My first thoughts when reading about the digital citizen are
that a digital citizen is probably a bizarre concept to many young people as
they do not seem to separate the digital world from the physical world. In The Digital Citizen, the authors assert
that digital citizens “are aware of the risks and benefits of the unparalleled
degree of access we have to information.” I would imagine that for youth that
have grown up with technology and the information age, they do not know
anything other than an abundance of information. Knowing how many adults and
researchers feel about this access to information, I wonder what youth who have
never known anything different would say.
I found the six tenets of digital citizenship to be
interesting: “respect yourself, protect yourself, respect others, protect
others, respect intellectual property, and protect intellectual property. I
found respecting and protecting intellectual property to be particularly
interesting because of the arguments we have heard in favor of a society that
values freedom of information via the internet and questions “intellectual
property.” I personally believe that society should protect and respect
intellectual property, but there are many people that fighting for a different
cause.

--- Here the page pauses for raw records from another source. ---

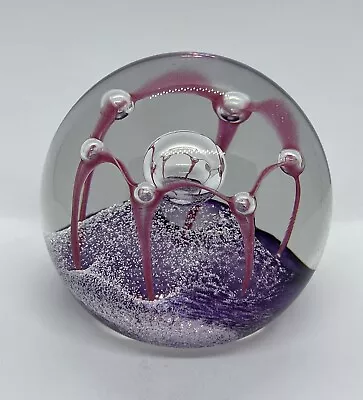 Buy Pre-Owned Caithness Glass Paperweight - Maydance Pink Purple White Round - 607g • 14.99£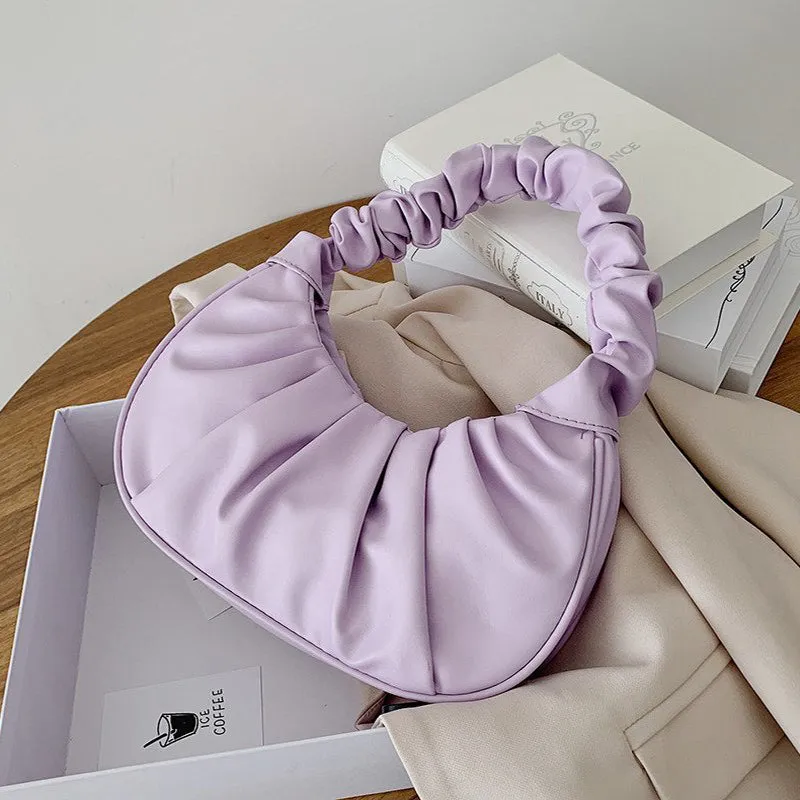 Pleated Baguette Shoulder Portable Bag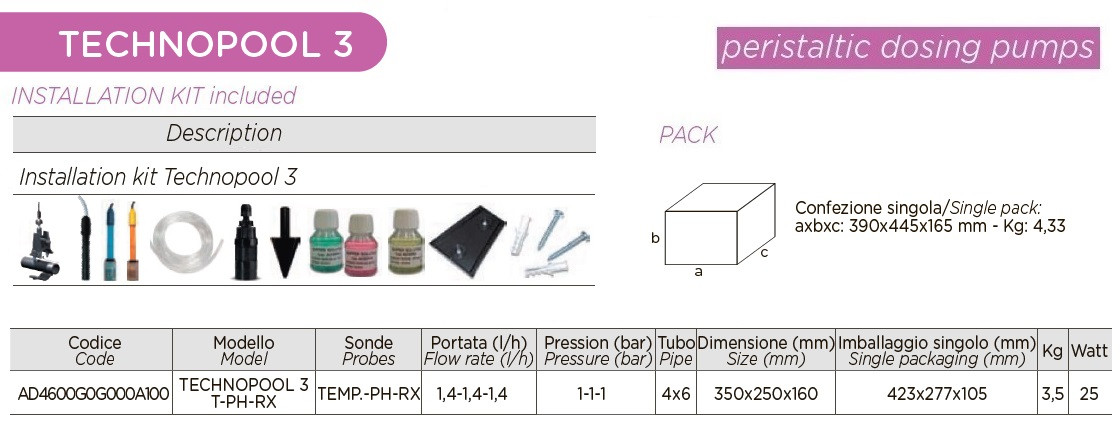 Dreifache Schlauchdosierpumpe AQUA PDP TECHNOPOOL 3 TT-PH-RX 1,4-1/1,4-1/1,4-1 SANT/SANT/SANT 230V SCHWARZ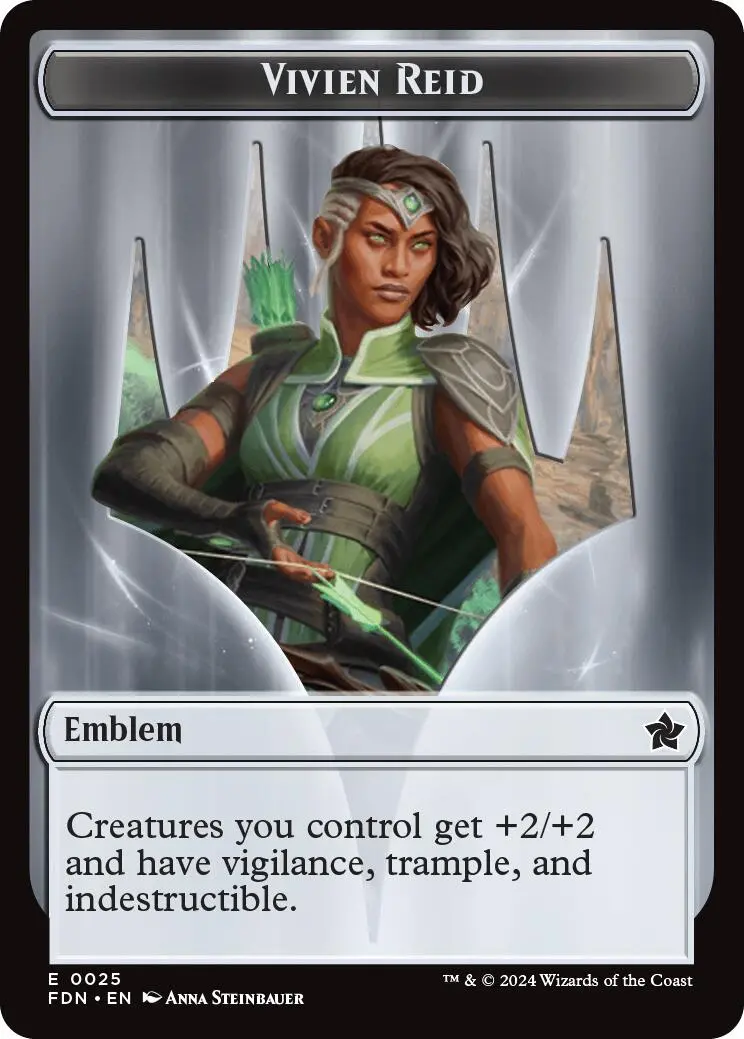 Emblem - Vivien Reid // Elf Warrior Double-Sided Token [Foundations Tokens] 1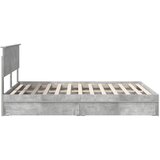  Krevet s od storage s uzglavljem Betonski sivi 150 x 200 cm | shoptok.hr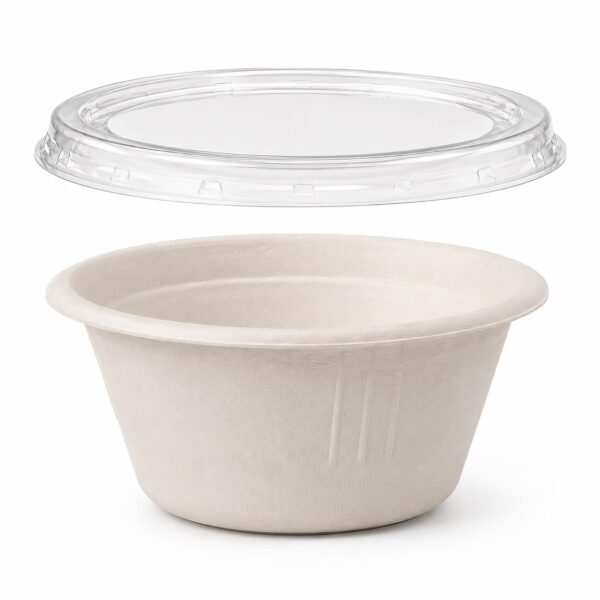 Dressingbecher Dipschale 60ml rund O 62 mm aus Bagasse Zuckerrohr inkl. Deckel aus PLA, 50 Stk.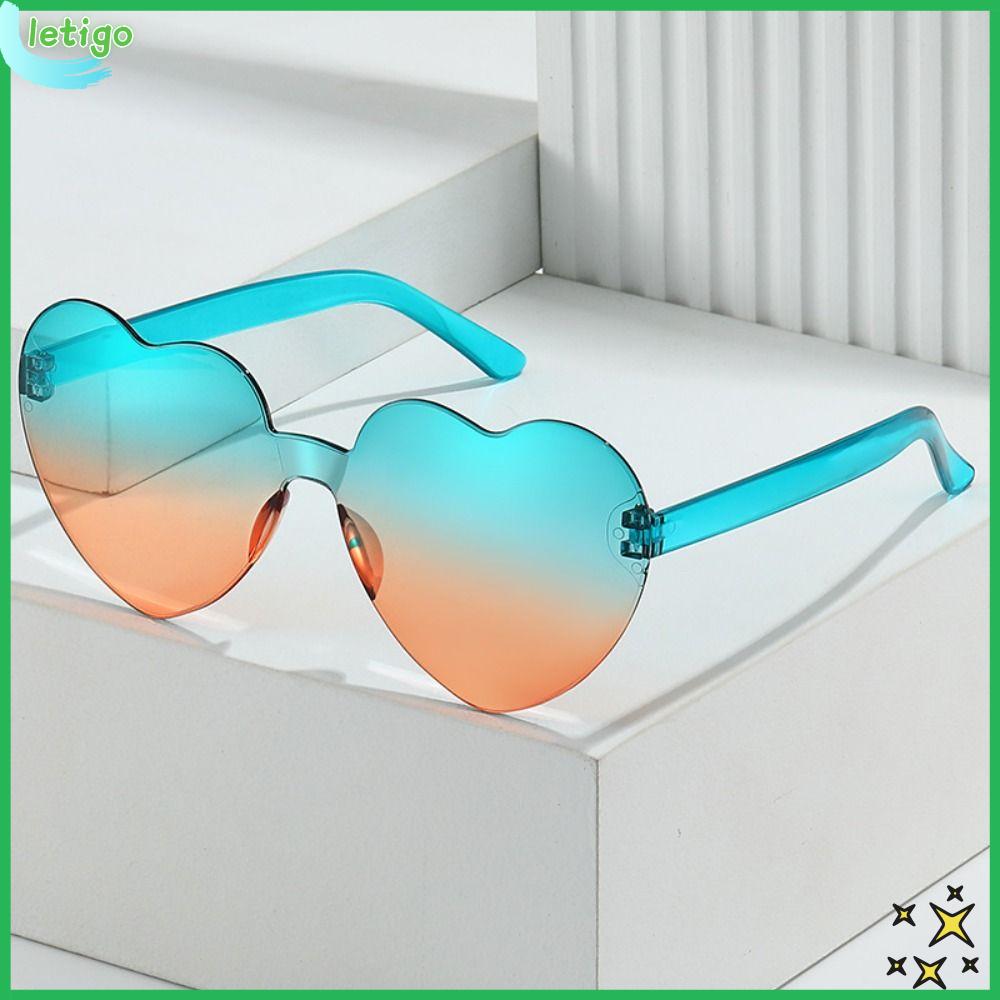LETIGO Hài Hước Tròng kính Gradient Đầy màu sắc Kính râm dự tiệc Kính râm hình trái tim Kính trái tim Che nắng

Could there be multiple forms of digital citizenship? Groups of digital
citizens who hold different values?
Reading about respecting and protecting yourself online made
me question whose responsibility it was to teach a student about the dangers
that come with using the internet. However, with many schools bringing
technology and social media into the classroom, I think that it is now the
schools responsibility to educate students on appropriate internet citizenship
and keeping themselves safe. It also makes me wonder, is the school now liable
for anything the student does on the internet while at school? I have read that
a teacher is responsible for the safety of his or her students while they are
present in the classroom, but are they responsible, as well, for what they do
on the internet while they are in the classroom?
As technology enters the classroom and gives students more
freedom, I think that school must develop programs to educate their students on
digital citizenship and the benefits and risks of the internet. It would be
unfair to give young people this powerful tool without any information on how
it should be used. As adults, we know that what you create and post on the
internet will be there forever, but we must also teach this to our students.
The observation that students might have issues distinguishing digital citizenship with just being a good person as very insightful. Do you think that digital citizenship lessons might be more effective embedded in lessons? For example, there are usually points in a grading rubric for following directions/editing/etc. Is it possible to actually make citizenship, digital and otherwise, a part of how students' evaluations?